Joint Online Estimation of Early and Late Residual Echo PSD for Residual Echo Suppression
Document Type
Periodical
Source
IEEE/ACM Transactions on Audio, Speech, and Language Processing IEEE/ACM Trans. Audio Speech Lang. Process. Audio, Speech, and Language Processing, IEEE/ACM Transactions on. 31:333-344 2023
Subject
Signal Processing and Analysis
Computing and Processing
Communication, Networking and Broadcast Technologies
General Topics for Engineers
Reverberation
Microphones
Loudspeakers
Estimation
Echo cancellers
Frequency estimation
Computational modeling
Acoustic echo cancellation
adaptive filters
PSD estimation
residual echo suppression
Language
ISSN
2329-9290
2329-9304
Abstract
In hands-free telephony and other distant-talking applications, an acoustic echo cancellation system is typically required, where a short adaptive filter is often used in practice to achieve fast convergence at low computational cost. This may result in late residual echo (LRE) remaining due to under-modeling of the echo path and early residual echo (ERE) due to filter misalignment.
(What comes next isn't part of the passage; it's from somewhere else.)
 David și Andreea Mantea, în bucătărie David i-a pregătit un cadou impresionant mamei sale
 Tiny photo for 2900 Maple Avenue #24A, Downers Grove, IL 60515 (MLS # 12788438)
Both residual echo components can be suppressed using a postfilter in the subband domain, which requires accurate estimates of the power spectral density (PSD) of the ERE and LRE components. State-of-the-art methods estimate the ERE and LRE PSDs independently of each other, where the ERE PSD is estimated by simply multiplying the loudspeaker PSD with a frequency-dependent scalar and the LRE PSD is estimated using a recursive estimator based on frequency-dependent reverberation scaling and decay parameters. In this paper, we propose to extend the ERE PSD estimator from a scalar to a moving average filter on the loudspeaker PSD. In addition, we propose a signal-based method to jointly estimate all model parameters for the ERE and LRE PSD estimators in online mode, and derive two gradient-descent-based algorithms to simultaneously update the model parameters by minimizing the mean squared log error. The proposed method is compared with state-of-the-art methods in terms of estimation accuracy of the model parameters as well as the residual echo PSDs. Simulation results using both artificially generated as well as measured impulse responses show that the proposed method outperforms state-of-the-art methods for all considered scenarios.